Responses of Coastal Upwelling to Tidally Induced Bottom Friction Dynamics and Plume-Modulated Geostrophy: A Process-Oriented Modeling Study

Abstract

Abstract We used a high-resolution cross-shelf two-dimensional numerical model to investigate the response of coastal wind-driven upwelling circulation to barotropic tidal forcing and lateral buoyant discharge over a broad continental shelf. We found that the tidally amplified asymmetric friction effect arising from the interaction between tidal and subtidal currents modulated the upwelling structure across the shelf. The interaction weakened the water outcropping (upwelling) in the inner shelf due to tidally amplified mixing, but enhanced cross-shore velocity offshore due to tidally induced asymmetric friction effect and nonlinear advection. The enhanced mixing changed the density in the bottom boundary layer and subsequently in the upwelling front, which eventually weakened the geostrophic alongshore flow.

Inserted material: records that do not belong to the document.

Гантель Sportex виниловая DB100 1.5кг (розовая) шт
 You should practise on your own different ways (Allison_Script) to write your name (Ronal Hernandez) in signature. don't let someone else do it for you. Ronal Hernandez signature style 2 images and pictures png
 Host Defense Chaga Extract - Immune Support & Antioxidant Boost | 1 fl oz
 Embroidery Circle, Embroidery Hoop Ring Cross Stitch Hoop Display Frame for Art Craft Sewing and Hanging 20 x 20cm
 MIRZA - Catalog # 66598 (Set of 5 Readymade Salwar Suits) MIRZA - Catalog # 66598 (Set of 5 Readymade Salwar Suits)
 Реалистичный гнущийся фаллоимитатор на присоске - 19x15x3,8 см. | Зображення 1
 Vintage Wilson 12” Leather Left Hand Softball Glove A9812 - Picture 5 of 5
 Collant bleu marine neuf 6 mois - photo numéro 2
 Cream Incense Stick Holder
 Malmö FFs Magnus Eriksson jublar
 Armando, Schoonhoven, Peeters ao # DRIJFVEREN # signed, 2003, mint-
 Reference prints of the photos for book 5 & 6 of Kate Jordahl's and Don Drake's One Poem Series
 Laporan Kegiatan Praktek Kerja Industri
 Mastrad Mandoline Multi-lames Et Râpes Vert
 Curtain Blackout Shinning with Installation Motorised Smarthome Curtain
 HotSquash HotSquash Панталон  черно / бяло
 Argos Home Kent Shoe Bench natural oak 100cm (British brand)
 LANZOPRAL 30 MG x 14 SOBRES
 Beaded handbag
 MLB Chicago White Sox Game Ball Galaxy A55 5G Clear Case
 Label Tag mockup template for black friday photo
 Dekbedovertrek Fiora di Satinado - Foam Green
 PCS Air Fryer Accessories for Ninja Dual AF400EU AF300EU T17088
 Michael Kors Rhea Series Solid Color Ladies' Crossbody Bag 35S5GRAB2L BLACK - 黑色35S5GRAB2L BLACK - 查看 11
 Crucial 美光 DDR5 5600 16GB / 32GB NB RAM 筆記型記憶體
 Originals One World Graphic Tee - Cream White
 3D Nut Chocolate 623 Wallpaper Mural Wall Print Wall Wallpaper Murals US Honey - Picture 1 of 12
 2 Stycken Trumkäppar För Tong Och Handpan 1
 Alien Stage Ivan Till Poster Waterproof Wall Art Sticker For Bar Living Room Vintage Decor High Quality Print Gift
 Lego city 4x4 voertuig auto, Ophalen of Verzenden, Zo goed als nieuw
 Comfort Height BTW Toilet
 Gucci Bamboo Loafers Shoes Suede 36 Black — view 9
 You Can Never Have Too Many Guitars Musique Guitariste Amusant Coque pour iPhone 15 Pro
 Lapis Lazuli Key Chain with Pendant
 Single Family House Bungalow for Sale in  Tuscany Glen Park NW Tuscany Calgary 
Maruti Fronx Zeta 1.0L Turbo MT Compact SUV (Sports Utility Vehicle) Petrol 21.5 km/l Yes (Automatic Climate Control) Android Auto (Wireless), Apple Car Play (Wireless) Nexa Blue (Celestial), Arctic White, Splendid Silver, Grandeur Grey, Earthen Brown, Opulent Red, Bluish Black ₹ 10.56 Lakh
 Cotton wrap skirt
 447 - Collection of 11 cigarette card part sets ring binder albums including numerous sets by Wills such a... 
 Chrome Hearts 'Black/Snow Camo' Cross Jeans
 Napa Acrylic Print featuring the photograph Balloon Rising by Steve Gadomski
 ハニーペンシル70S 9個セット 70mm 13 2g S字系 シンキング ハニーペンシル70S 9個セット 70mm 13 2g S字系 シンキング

The mass and stratification inputs of the lateral buoyant discharge weakened or even reversed geostrophic dynamics for alongshore and upslope transports. The reversed cross-shore density and elevation gradient induced by the buoyant influx weakened the alongshore current and the associated bottom friction effect. The upslope cross-shore transport was reduced due to weakened alongshore flow and the associated bottom Ekman transport. The mass of buoyant influx compensated for the wind-driven offshore transport in the upper layer. The upwelling could be reversed to downwelling when the transport of lateral influx exceeded the wind-driven offshore transport. The responses of upwelling circulation to tidal and lateral buoyancy forcing highlighted in this process-oriented study are fundamental for interpreting more complex wind-driven shelf circulation.